PROBLEM DETAILS: Reproduce word for word the line holding "Ocean Tech Bio" and all lines after it in the data, through the end, leaving out pictures.

STORED DATA:

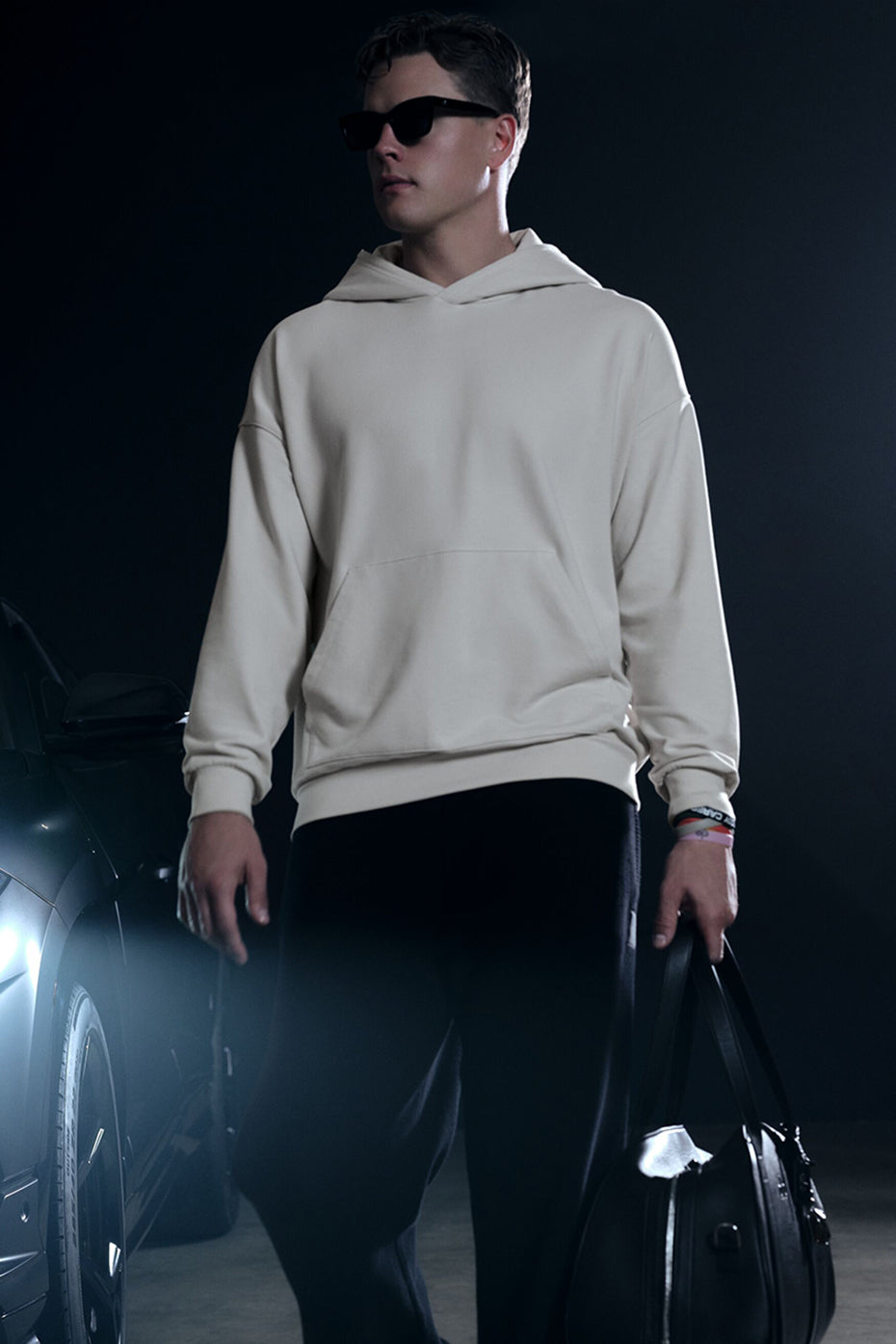 Double Take Hoodie   Bone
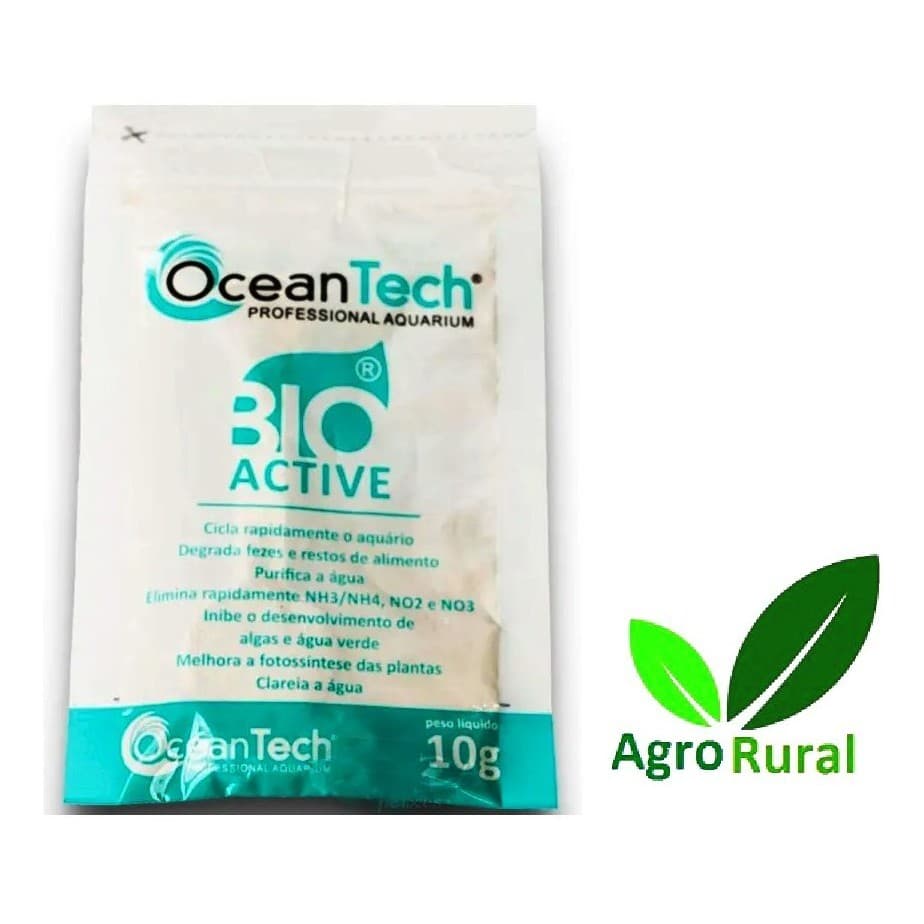 Ocean Tech Bio Active 10gr. Purificador e Ativador Biológico Para Água de Aquários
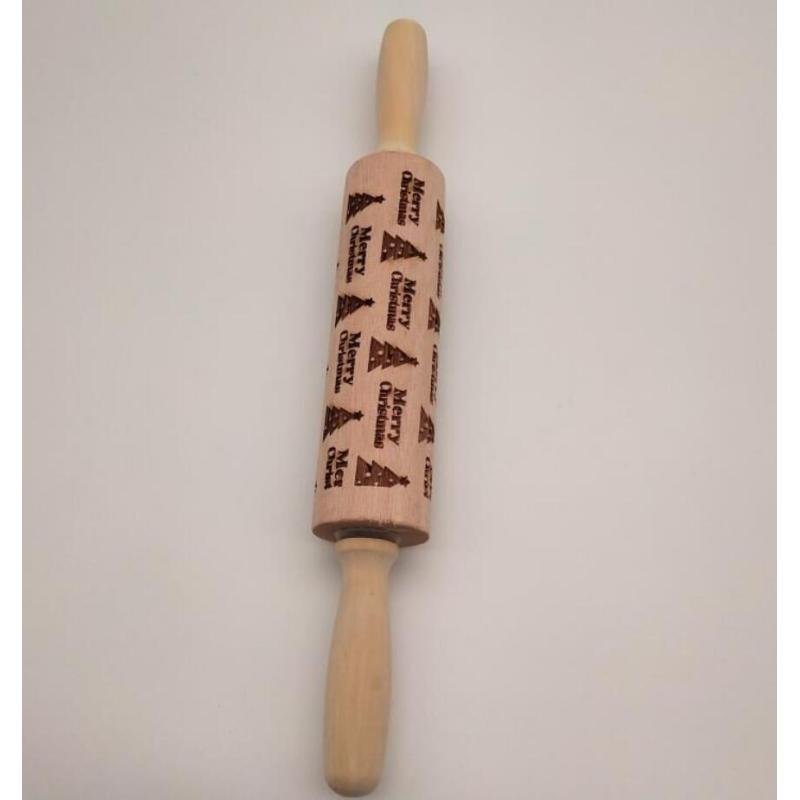 Rolling Pin Christmas Embossing
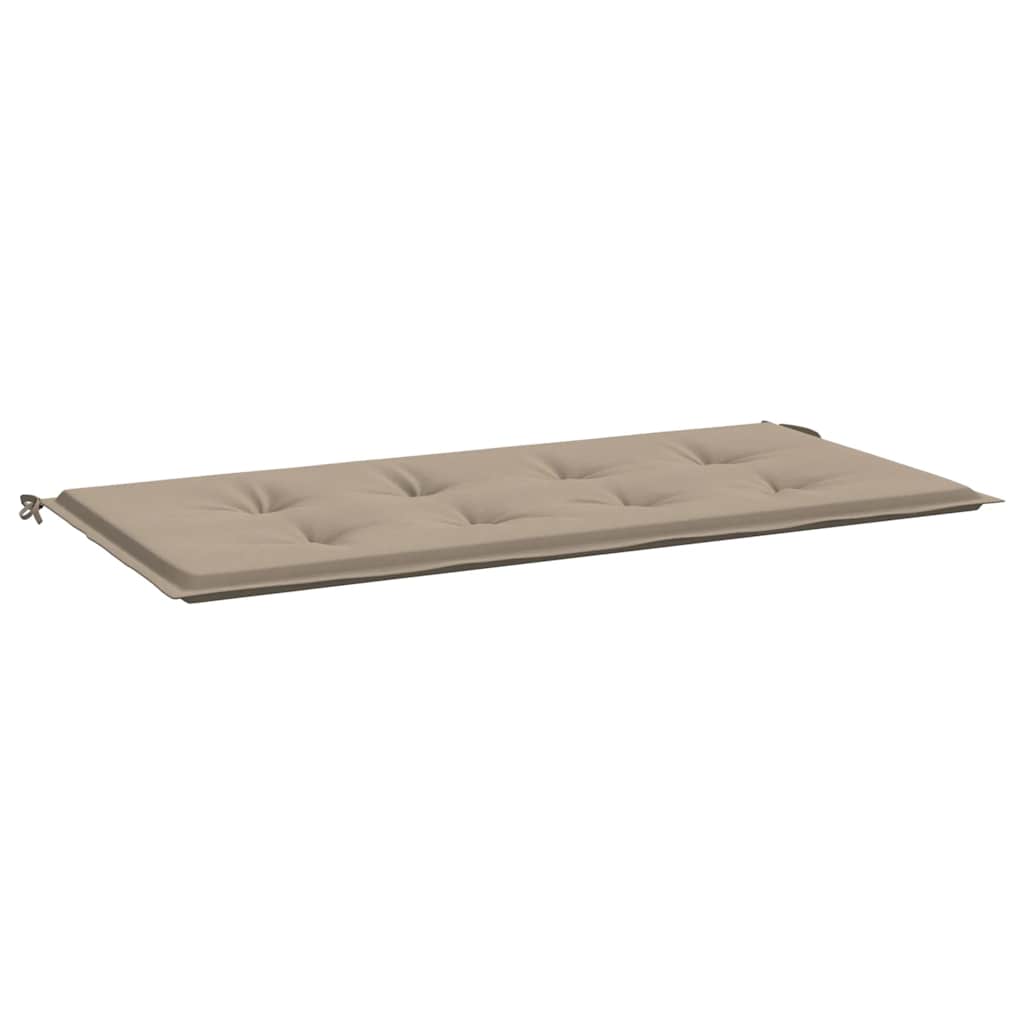 vidaXL Μαξιλάρι Πάγκου Κήπου Taupe 100x50x4 εκ. Ύφασμα Oxford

ANSWER FOR THE TASK:
 Ocean Tech Bio Active 10gr. Purificador e Ativador Biológico Para Água de Aquários
 Rolling Pin Christmas Embossing
 vidaXL Μαξιλάρι Πάγκου Κήπου Taupe 100x50x4 εκ. Ύφασμα Oxford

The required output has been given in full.